The Bain court went on to note that in other cases involving workman’s compensation, it was acceptable to toll a wrongful termination claim by proceeding in that forum.Even when a claim is not required to be filed with an administrative agency, if it is filed, then the claim may extend the statute of limitations.

California employees should consider carefully whether to file an alternative claim prior to filing in court if it will inevitably or likely delay the filing of a court case. While equitable tolling appears to be well-established in California wage and hour law as allowing late filings, there is no reason to “chance it” if, for example, you can file a court case as well as an administrative proceeding. In many cases, it’s actually required that the administrative action be filed first. This is called exhaustion of administrative remedies (for example, in filing for a violation of termination in retaliation for complaining about unsafe working conditions), and will be the subject of a further blog.

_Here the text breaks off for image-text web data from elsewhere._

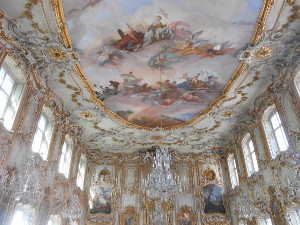 The ballroom is two stories high with upper and lower windows, and a painted ceiling, in white and gold and pastels, brimming with curlicues and baroque ornamentation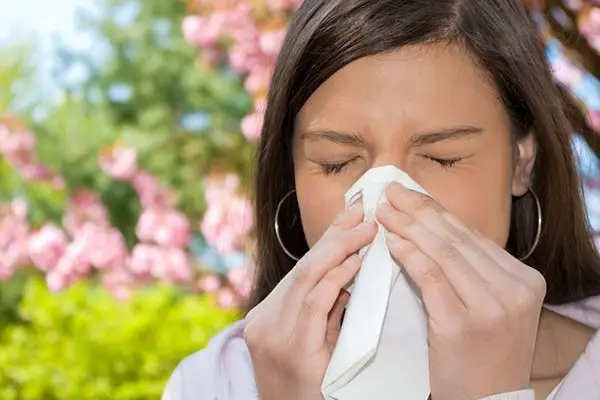 woman sneezing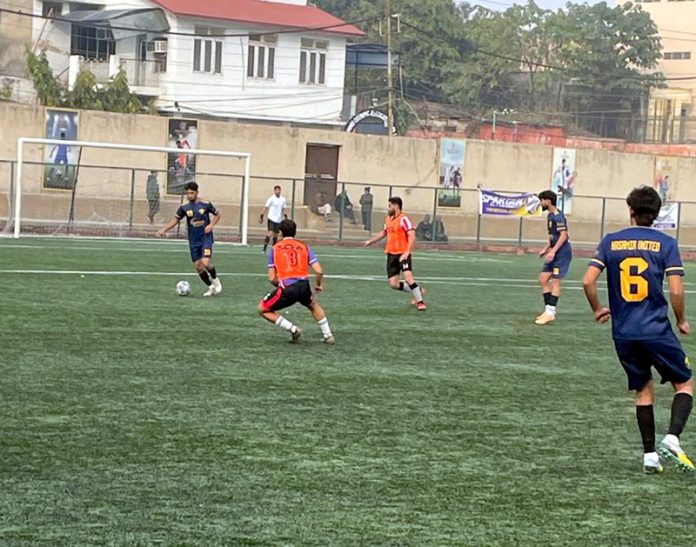 Players in action during a football match at Mini Stadium Parade, Jammu on Thursday.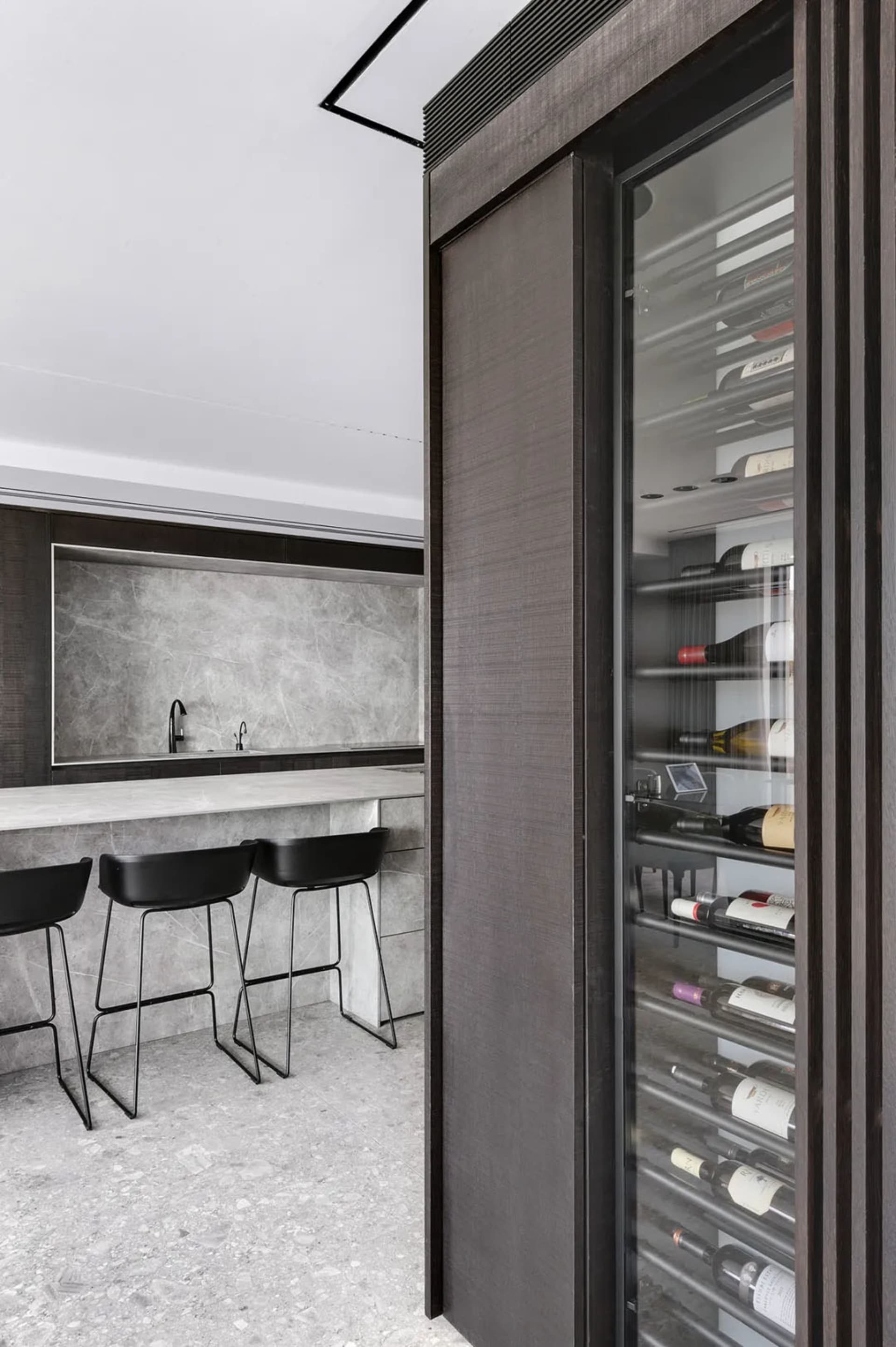 Modern kitchen bar with concrete countertop, black stools, and a glass-fronted wine cabinet.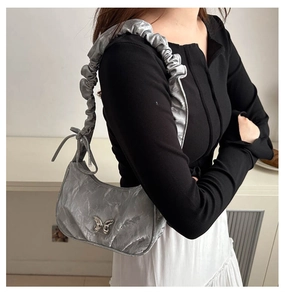 Detail of silver metallic wrinkled shoulder bag with butterfly buckle on model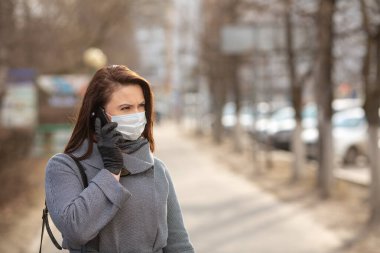 Dışarıda koruyucu tıbbi maske takan bir kadın, yakın çekim. Elinde telefon olan bir kadın. Kişisel bakım kavramını - Görüntü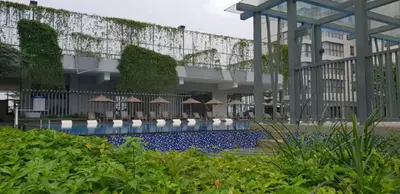 a swimming pool with umbrellas in front of a building at TRILLION SUITES by SLG in Kuala Lumpur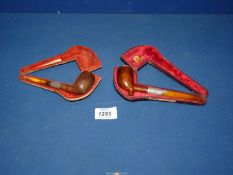 Two antique cased briar Pipes with hallmarked silver mounts and amber stems.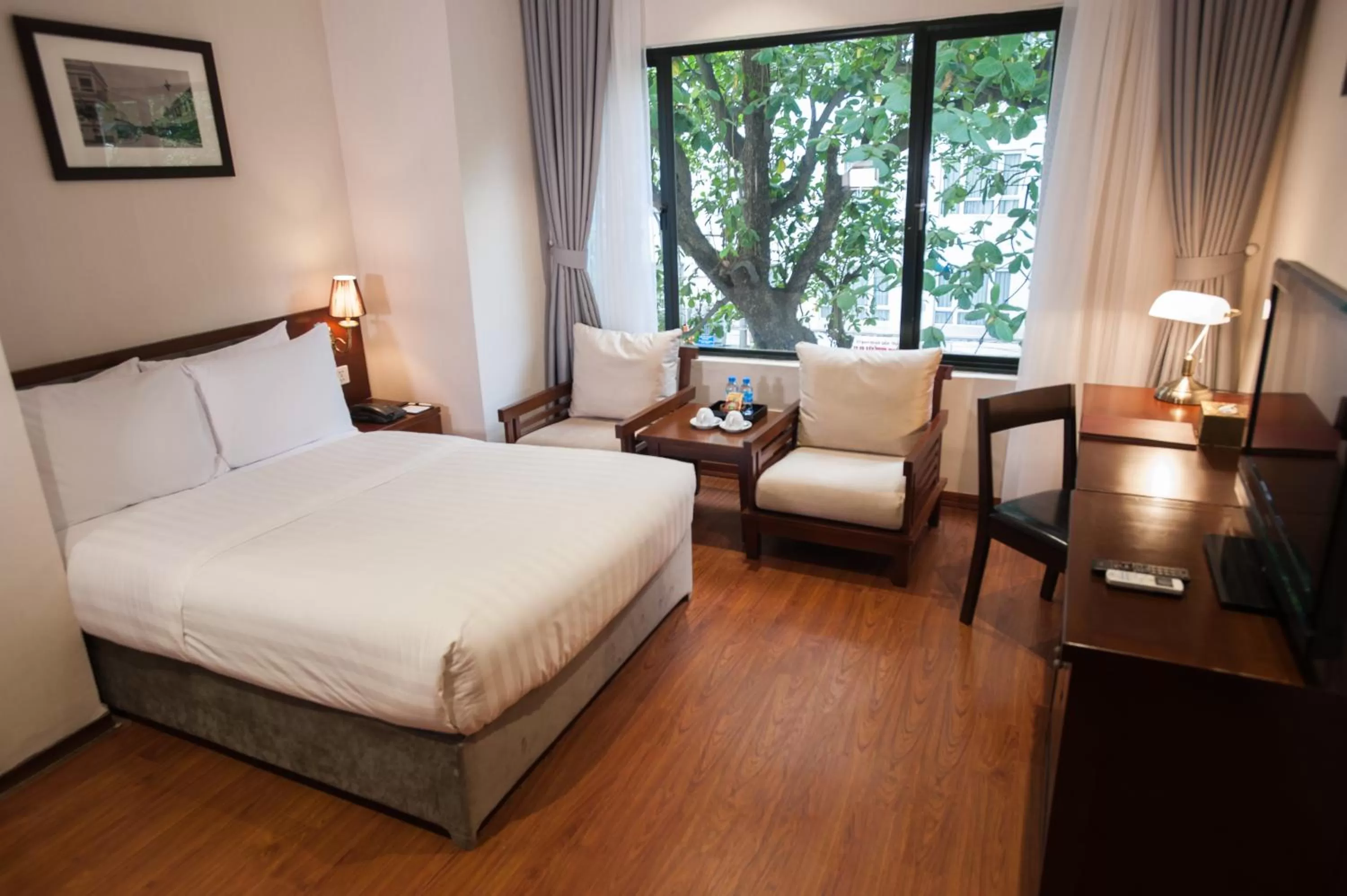 Bed in Mon Regency Hotel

Gentle readers, please also remember that the courts are now insisting that certain “administrative” procedures be followed when claims are made under the California Labor Code. An administrative claim (in the form of a letter to the Department of Labor Standards Enforcement, or DLSE) must be filed before a claim as a whistle blower can be made under LC 1102.5. This report is allegedly required (says the court) by LC 98.6. So seek expert legal advise on whether your particular claim requires an administrative remedy or not. The time period to file the administrative claim is only 6 months!

Public employees may have additional hurdles to overcome, such as the timely filing of a Government Tort Claim. Generally, this is to protect collateral rights such as breach of contract or intentional infliction of emotional distress. A governmental agency is primarily liable in our employment cases for violation of Government Code statutes based on age, sex, race and the like.